ASSIGNED TASK: Reproduce the data word for word, keeping every line complete.

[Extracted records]
'''

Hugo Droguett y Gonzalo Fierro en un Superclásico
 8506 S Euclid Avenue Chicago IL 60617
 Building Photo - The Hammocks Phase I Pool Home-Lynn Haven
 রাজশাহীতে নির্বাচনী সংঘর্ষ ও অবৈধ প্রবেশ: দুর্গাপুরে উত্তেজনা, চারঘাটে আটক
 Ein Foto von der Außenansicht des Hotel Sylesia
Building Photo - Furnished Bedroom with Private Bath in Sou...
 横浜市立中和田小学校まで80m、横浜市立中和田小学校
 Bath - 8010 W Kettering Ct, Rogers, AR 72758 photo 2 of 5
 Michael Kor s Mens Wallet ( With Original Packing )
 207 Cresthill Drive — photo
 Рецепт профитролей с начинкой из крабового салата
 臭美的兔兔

'''

EXERCISE ANSWER:
Hugo Droguett y Gonzalo Fierro en un Superclásico
 8506 S Euclid Avenue Chicago IL 60617
 Building Photo - The Hammocks Phase I Pool Home-Lynn Haven
 রাজশাহীতে নির্বাচনী সংঘর্ষ ও অবৈধ প্রবেশ: দুর্গাপুরে উত্তেজনা, চারঘাটে আটক
 Ein Foto von der Außenansicht des Hotel Sylesia
Building Photo - Furnished Bedroom with Private Bath in Sou...
 横浜市立中和田小学校まで80m、横浜市立中和田小学校
 Bath - 8010 W Kettering Ct, Rogers, AR 72758 photo 2 of 5
 Michael Kor s Mens Wallet ( With Original Packing )
 207 Cresthill Drive — photo
 Рецепт профитролей с начинкой из крабового салата
 臭美的兔兔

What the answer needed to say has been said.